WORK INSTRUCTION: Reproduce exactly the lines below, from the first one through the line containing "A business rules", and omit any pictures.

SUPPLIED INFORMATION:
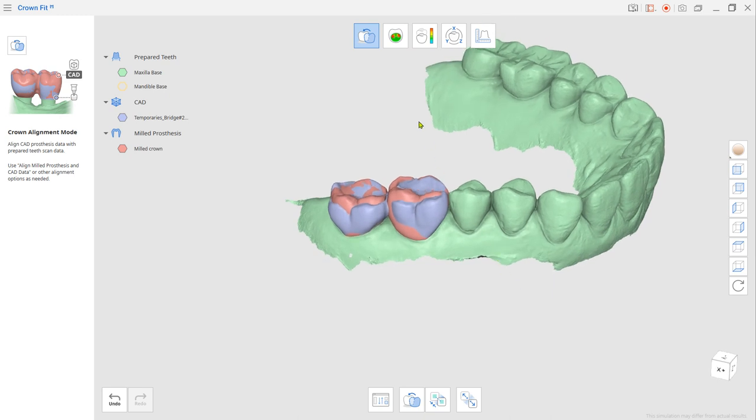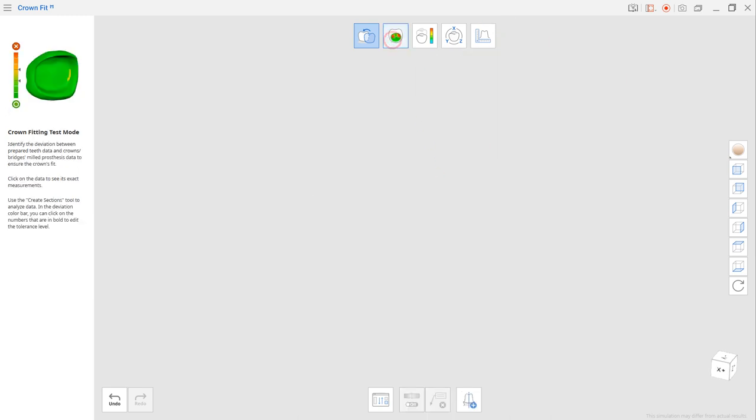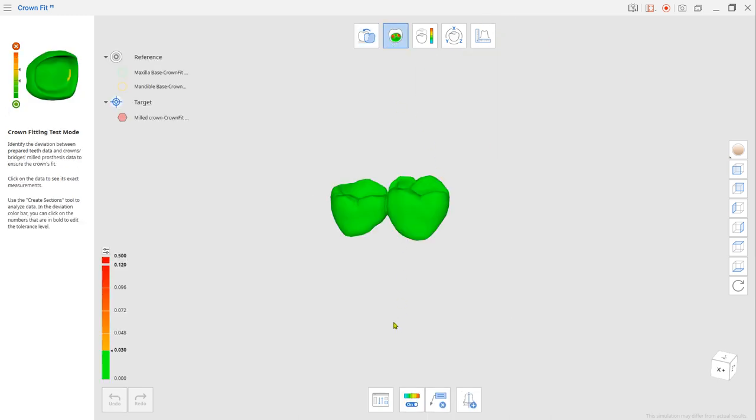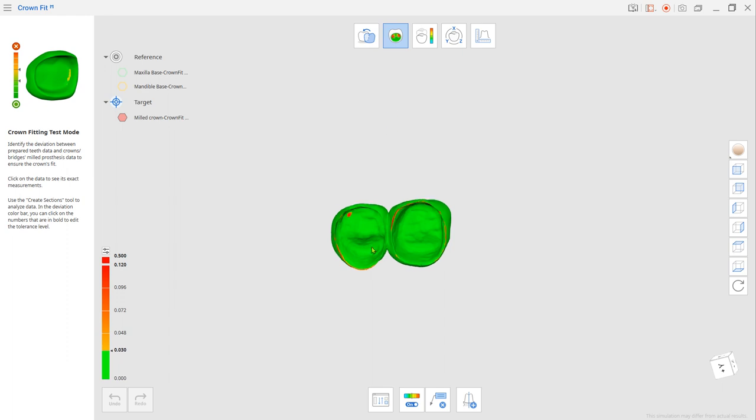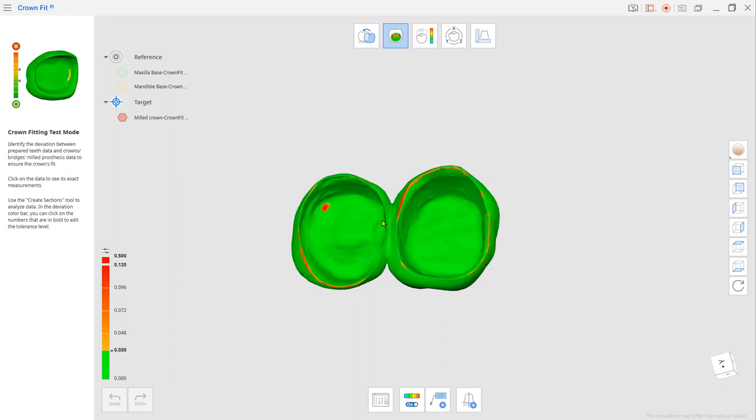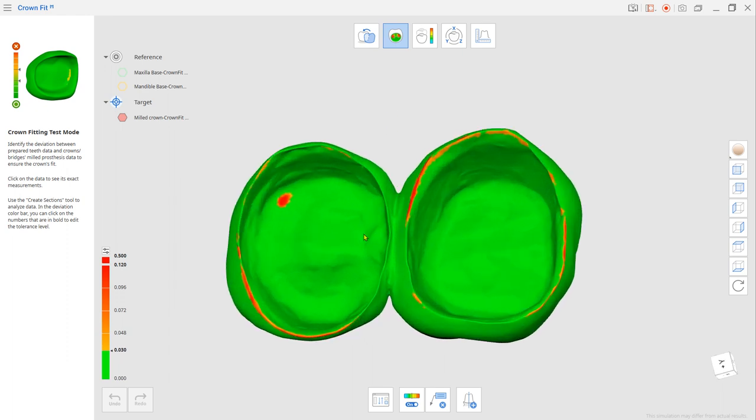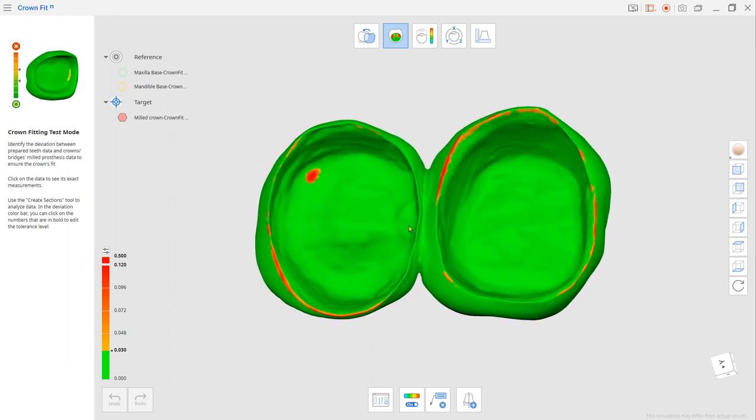Go to crown fitting test mode from the top. Click the protruded spot for the thickness measurement.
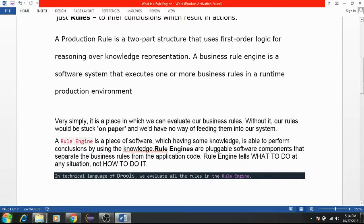A business rules engine is a software system that executes one or more business rules in a runtime production environment. In a very simple way, it is a place in which we can evaluate our business rules. Without it, our rules would be stuck on paper and we would have no way of feeding them into our system. A rule engine is a piece of software which, having some knowledge, is able to perform conclusions by using that knowledge.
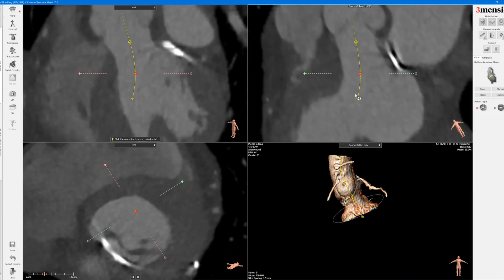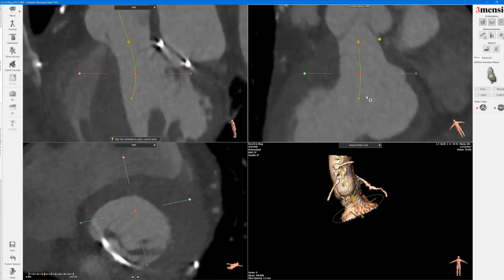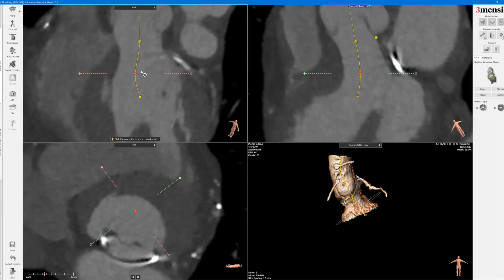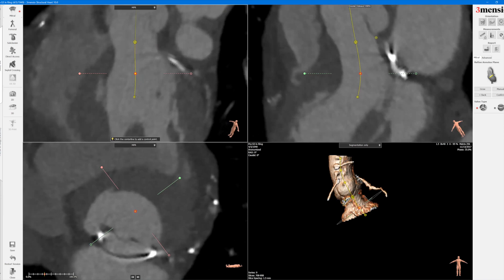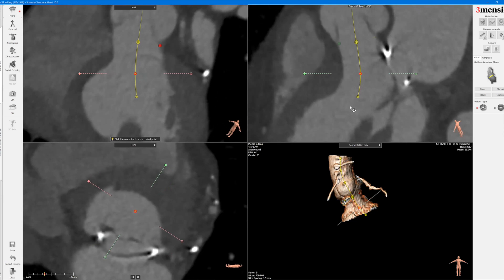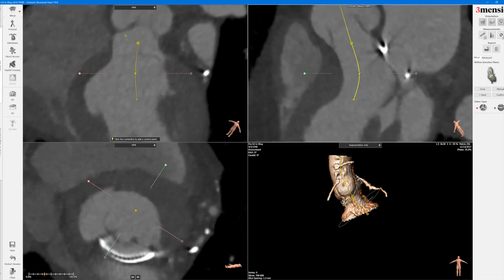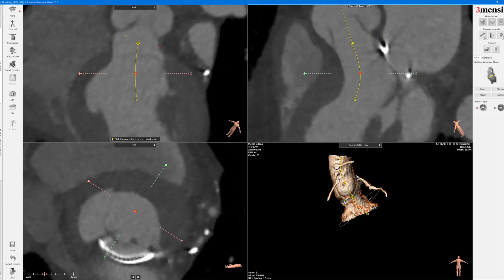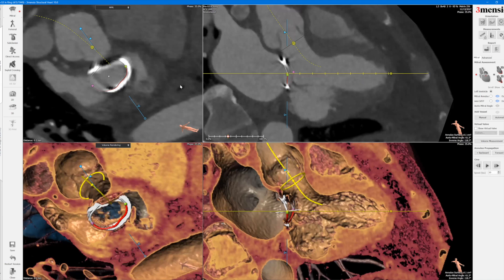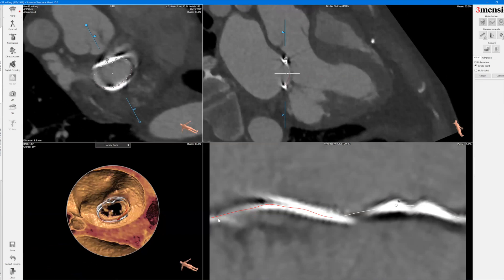You can see here that this patient has a very dilated LV cavity, which makes it a little easier to do the centerline. Once you have that, you click confirm and now you go to refine your annuloplasty ring.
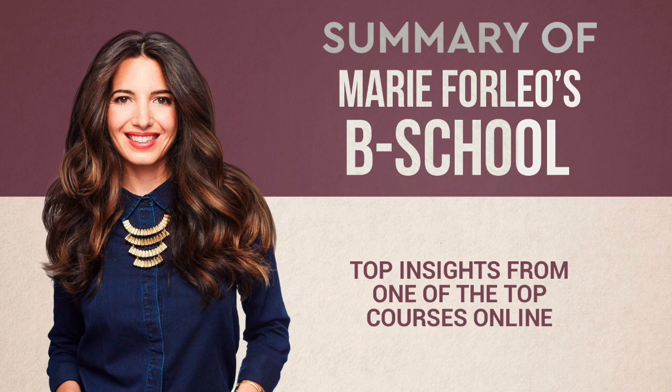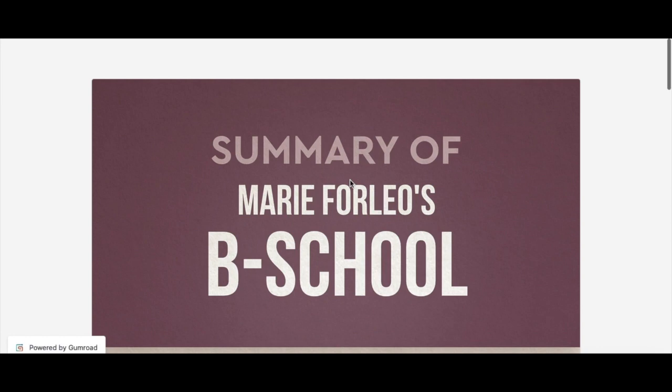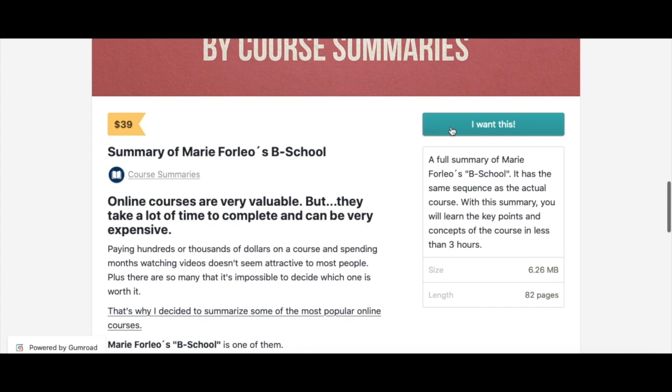Welcome to the short summary of Marie Forleo's B-School. In this video I am going to summarize this course so you can get the main ideas and decide if you want to purchase it. You can also get the full 82-page summary of this course by clicking on the link below. If you use the coupon code YouTube you get 15% off.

OUTPUT OF THE TASK:
Go to crown fitting test mode from the top. Click the protruded spot for the thickness measurement.
A business rules engine is a software system that executes one or more business rules in a runtime production environment. In a very simple way, it is a place in which we can evaluate our business rules. Without it, our rules would be stuck on paper and we would have no way of feeding them into our system. A rule engine is a piece of software which, having some knowledge, is able to perform conclusions by using that knowledge.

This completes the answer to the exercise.